Compound Interest Calculator
Watch how interest on interest turns modest savings into serious money.
The details
Compounding frequency
Total amount
₹2.21L
₹2,20,804
Compound interest is interest earned on both your original money and the interest it has already earned. Albert Einstein reportedly called it the eighth wonder of the world. This calculator shows exactly how powerful it becomes over time, and how the compounding frequency changes your result.
How compound interest works
The formula is:
A = P × (1 + r/n)^(n × t)
Where P is the principal, r the annual rate, n the number of times interest compounds per year, and t the number of years. More frequent compounding and more time both increase your final amount.
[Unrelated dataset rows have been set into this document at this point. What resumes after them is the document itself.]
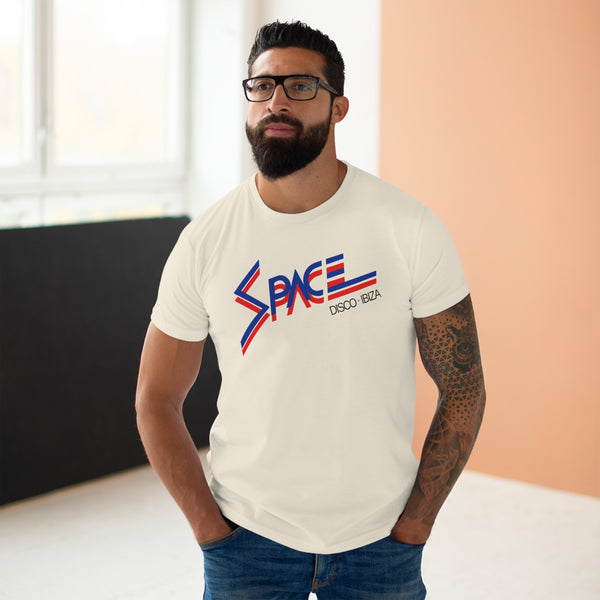 Space Disco Ibiza '87 T Shirt (Standard Weight)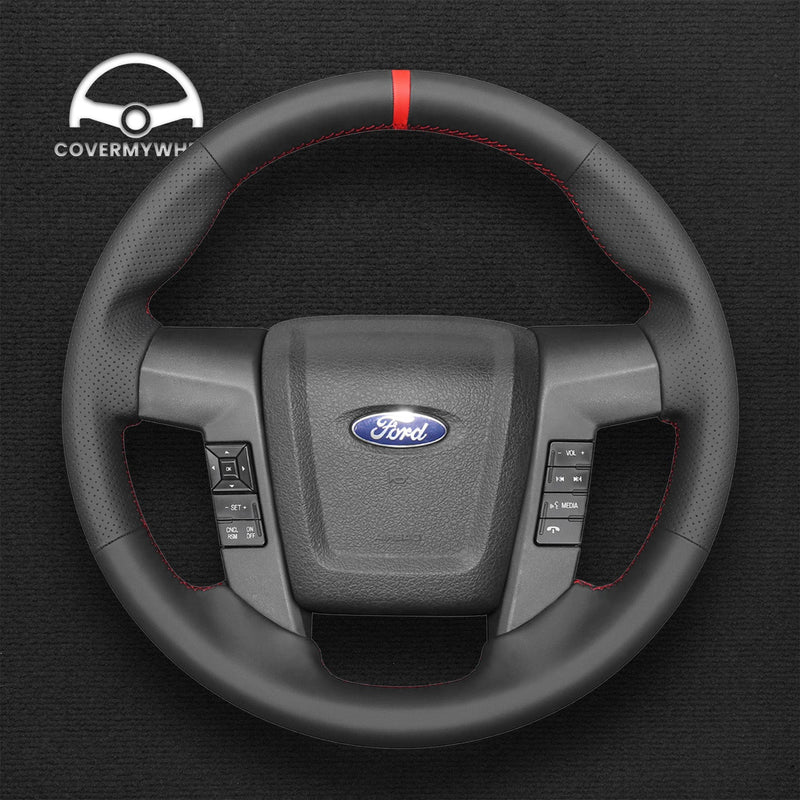Steering Wheel Cover for Ford F-150 (RAPTOR) 2009-2015 Cover My Wheel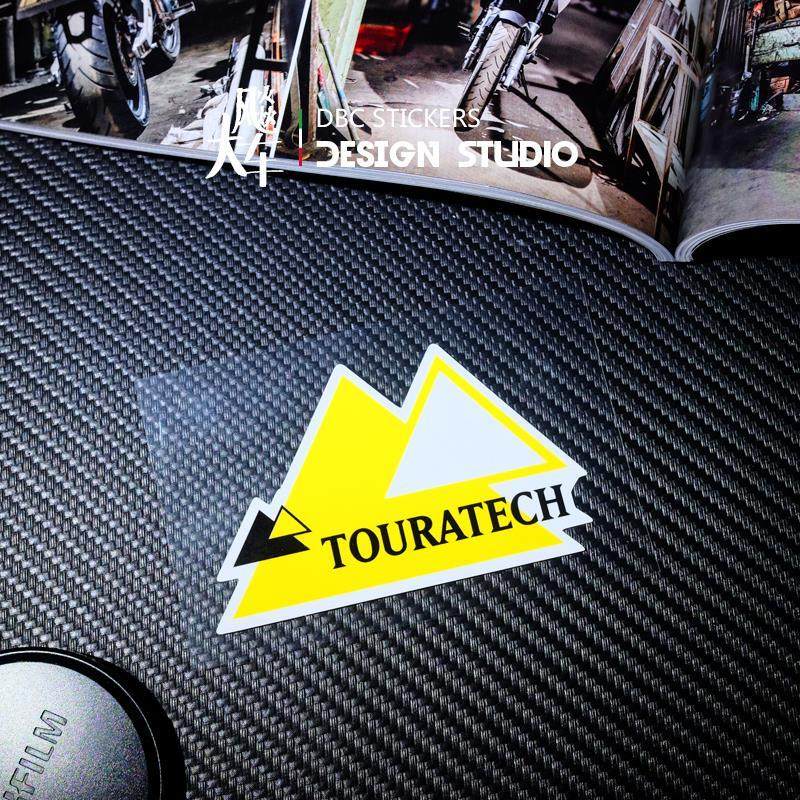 适用宝马 T厂 F700 F800 R1200GS ADV摩托车边箱贴纸反光改装车贴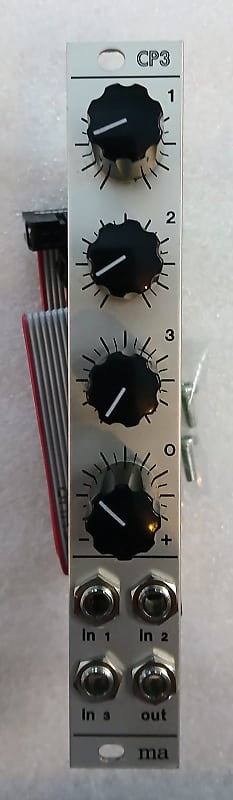 Manhattan Analog CP3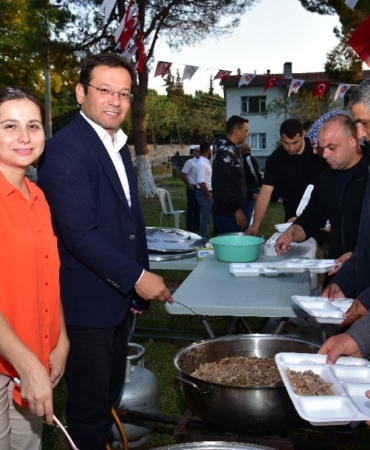 Sındırgı DSİ tesisleri belediye bünyesine kazandırıldı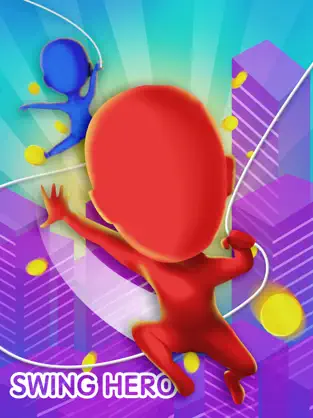 Captura 1 Swing Hero - Leap And Glide 3D iphone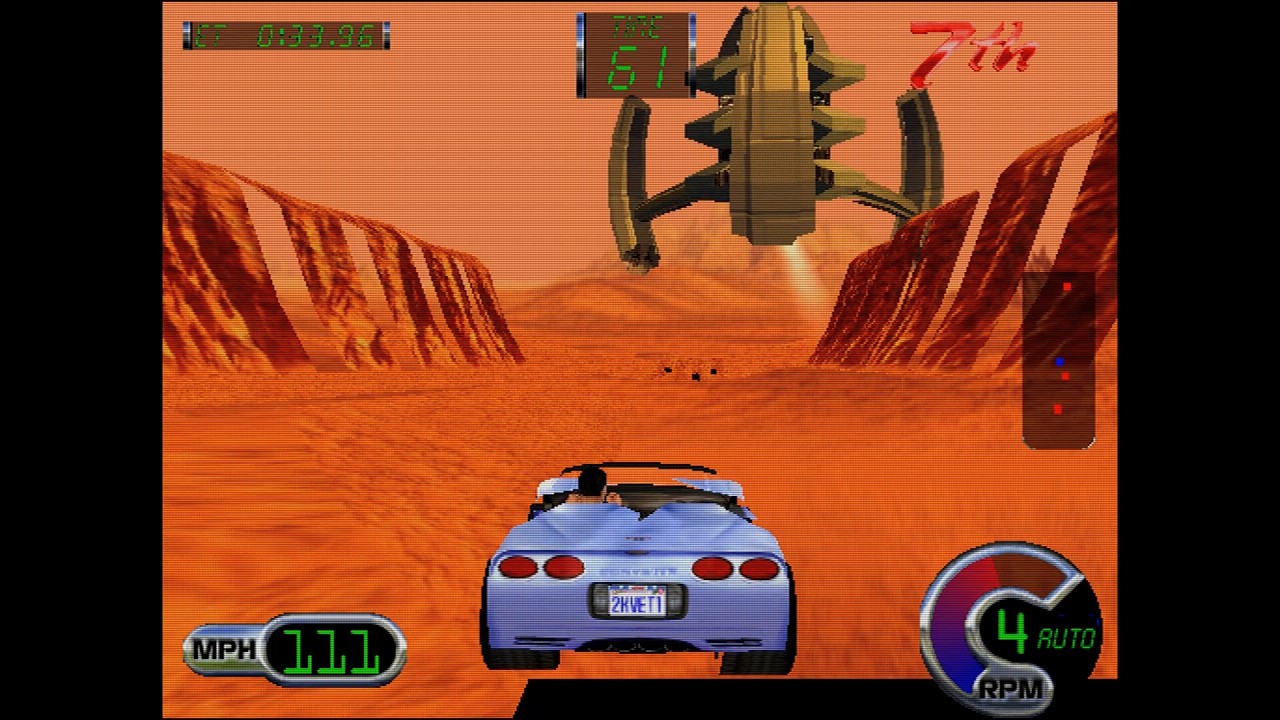 Cruis'n Exotica 1999 (Arcade) (Longplay 6 Tracks) (Emulation Test)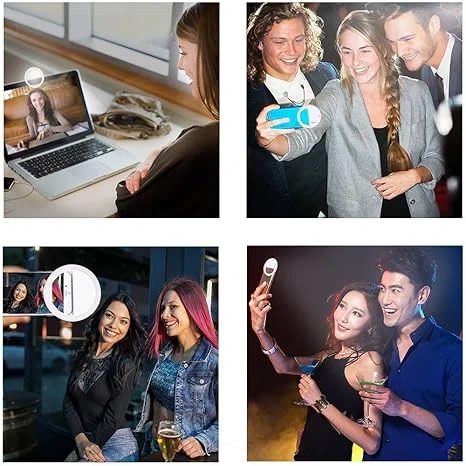 Selfie Ring Light Mobile Phone — photo 4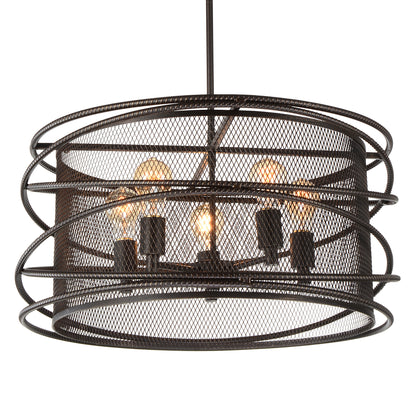 Darya 5 Light Up Pendant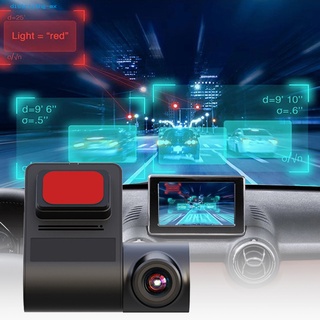 districthg Plastic Car Dashcam Hidden Loop Recording Car Camera Anti-scratch for Vehicles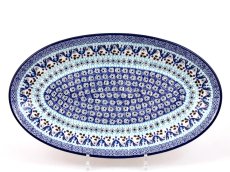 Oval Platter 37 cm (15")   Fjords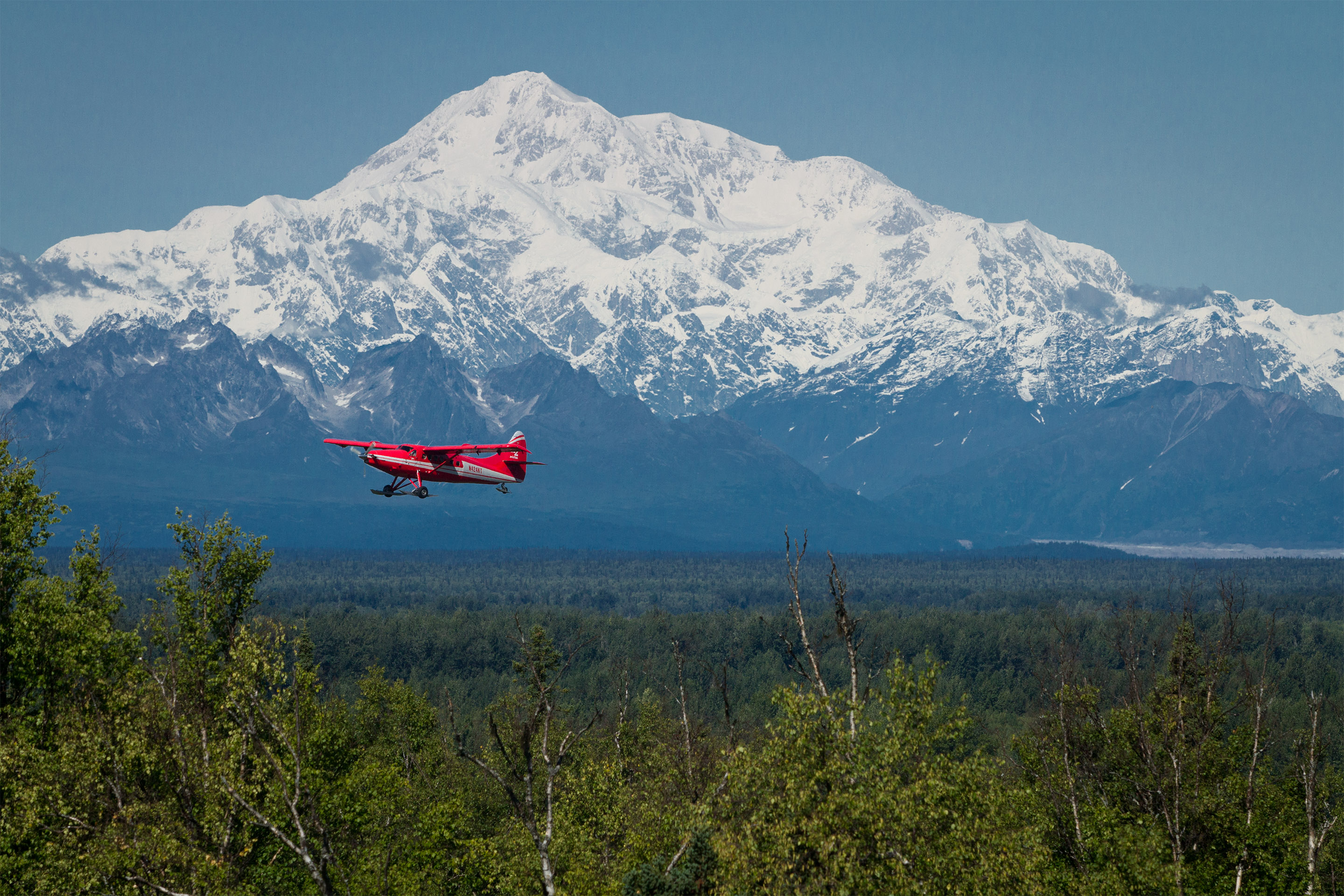 Alaska air tour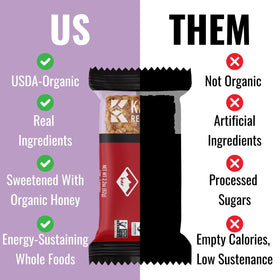 Kate's granola bars on-the-go energy for road trips and busy days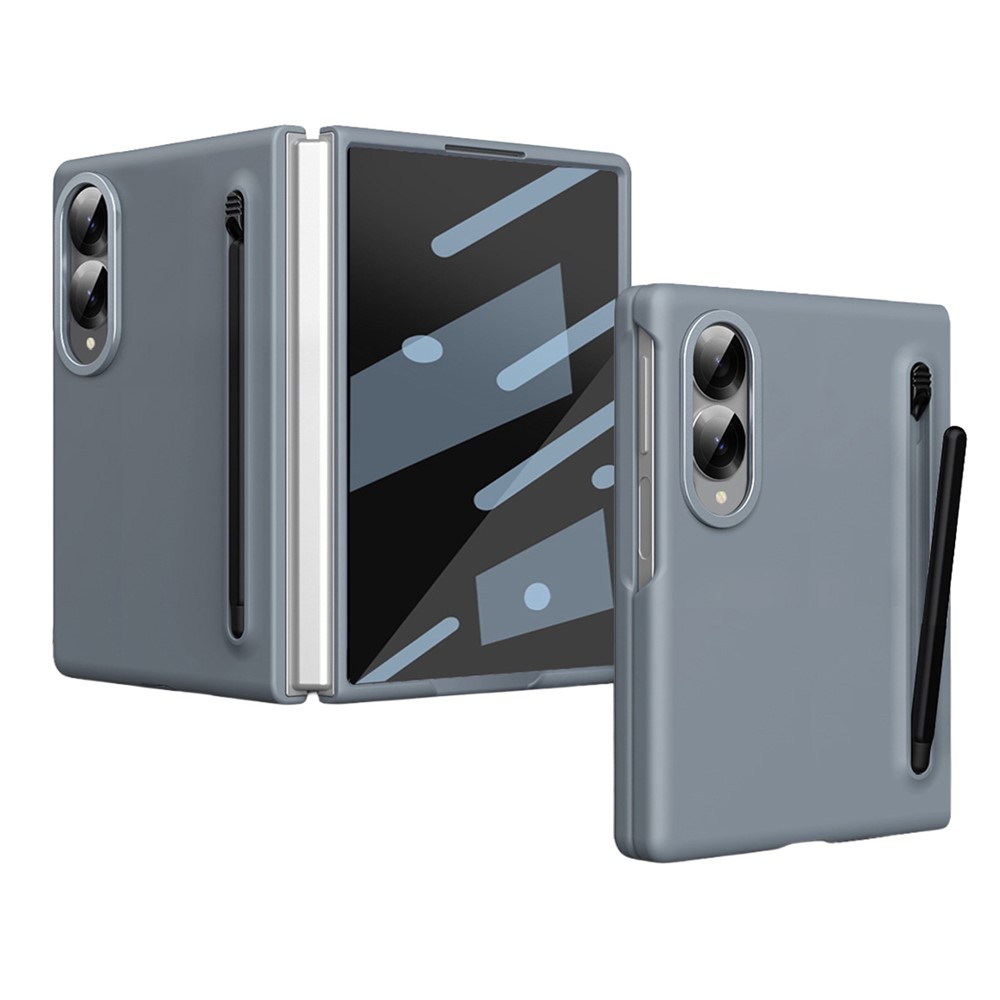  Samsung Galaxy Z Fold 8 Skal Inkl. Skärmskydd & Penna Grå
Frequently asked questions
Why does compounding frequency matter?+
The more often interest is added, the sooner it starts earning its own interest. Monthly compounding beats yearly compounding for the same rate — though the difference is small over short periods.
What's the difference from simple interest?+
Simple interest is calculated only on the principal. Compound interest is calculated on the principal plus accumulated interest, so it grows much faster over time.
How can I make compounding work for me?+
Start early and stay invested. Time is the most powerful ingredient — even small amounts grow dramatically over decades.
Does this work for loans too?+
Yes — the same maths explains why credit card debt grows so fast. Compounding works against you when you owe money.